Some of them put their money into offshore accounts such as in Labuan, which is also an off-shore financial centre and tax haven.
One way to overcome corruption and money laundering activities is by introducing a central registry for beneficial ownership of companies registered in Malaysia and those keeping funds in Labuan.
A beneficial owner of a company is the person who truly owns, enjoys and controls the company even though the title to some form of property or security is in another’s name.
The goal of registry for beneficial ownership is to provide greater transparency as to ownership and who really controls a company so as to distinguish between the registered shareholder and the ultimate beneficial owner when the two persons are not the same.
This move also ensures corrupt officials and politicians will be unable to award themselves, through their families or cronies, any government contracts. Apart from preventing the giving of contracts to related parties, it can also promote good governance and prevent companies from being misused or involved in illicit business, and help identify and report suspicious activities.
Such accountability will attract investors who will be able to access information and scrutinise relevant data when considering an investment.
The Government should ensure that all information related to the person who ultimately controls or benefits from companies is inclu¬ded in a central business registry which the public can access.
For a start, the Government must make it mandatory for all companies who are bidding for public sector contracts to disclose those who actually own, control or benefit from the company.
In the UK, the government has started to introduce and create a public register of beneficial ownership, and the US introduced a rule on July 11, 2016 which requires financial institutions to collect information on significant beneficial owners of legal entities.
Creating and accessing this open data repository is important to disclose who owns the companies and makes it more difficult for fraudsters and white collar criminals to hide their illegal money, and also helps to detect acts of corruption, tax evasion and money laundering.
In KPMG’s 2013 Fraud, Bribery and Corruption Survey, 90% of respondents said that bribery and corruption were the biggest problem for businesses in Malaysia.
PwC’s Global Economic Crime Survey 2016 showed that bribery and corruption rose from 19% in 2014 to 30% in 2016. It also estimated that global money laundering transactions comprise 2% to 5% of global GDP, or roughly US$1tril to US$2tril annually.
Yet, based on the United Nations Office on Drugs and Crime (UNODC), less than 1% of global illicit financial flows are currently seized by authorities.
Offshore funds are also a potential source of illegal money. The amount of money stashed via shell companies and offshore tax havens has been pegged to be as high as US$21tril, according to the Tax Justice Network. There are also studies which show that terrorist financing, money laundering and corruption are among the byproducts of offshore secrecy.

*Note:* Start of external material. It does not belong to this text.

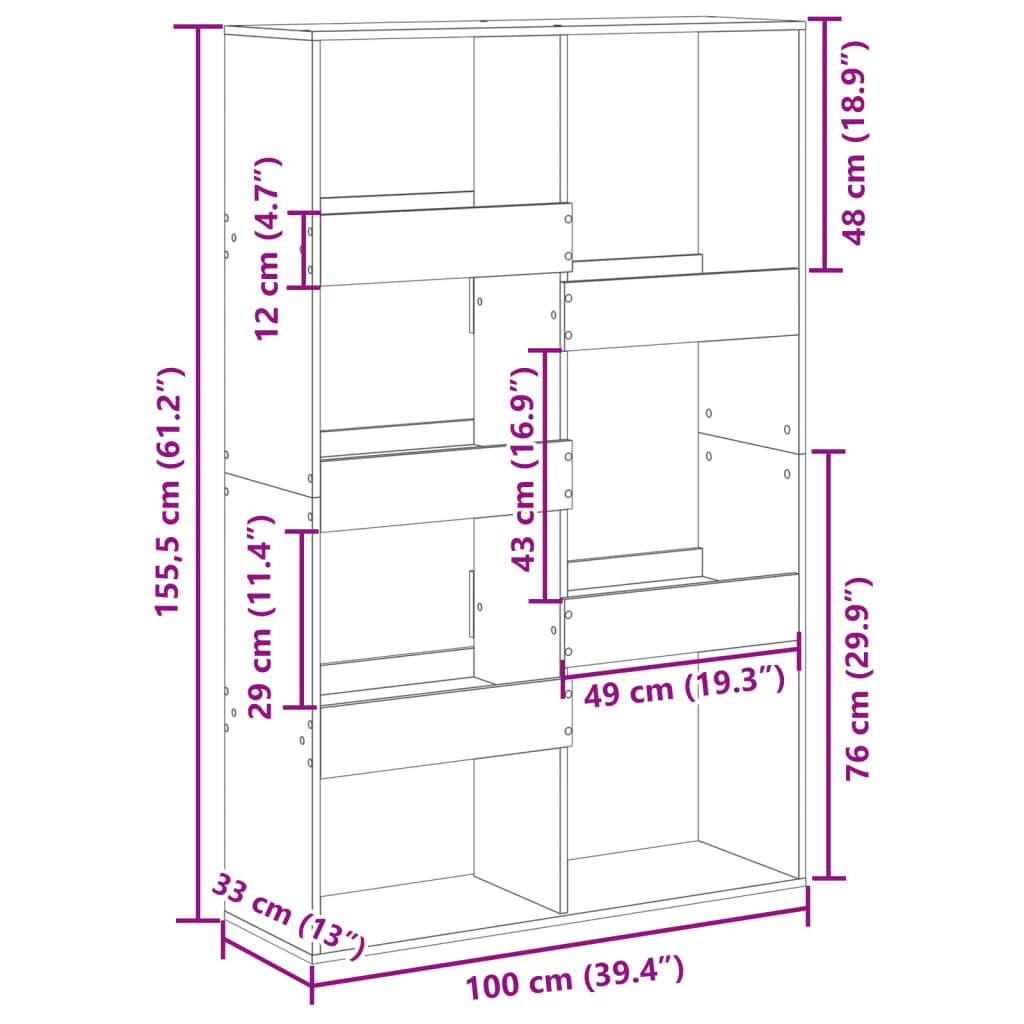 Bibliotecă, alb, 100x33x155,5 cm, lemn prelucrat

In Malaysia, the Commercial Crime Department of the Royal Malaysia Police reported that “any criminal activity that generates significant profit creates a need for money laundering. Organised crime and financial crime together costs Malaysia between RM15bil and RM25bil per annum.”
The requirement for disclosure of beneficial ownership can help stop the proceeds of corruption, transnational crime and organised crime from being laundered through investments in high-value property in Malaysia.
Apart from damaging economic and capital flow, these illegal activities have a greater impact on our society and the image of Malaysia. There is no good reason why this measure should not be immediately adopted by the Government.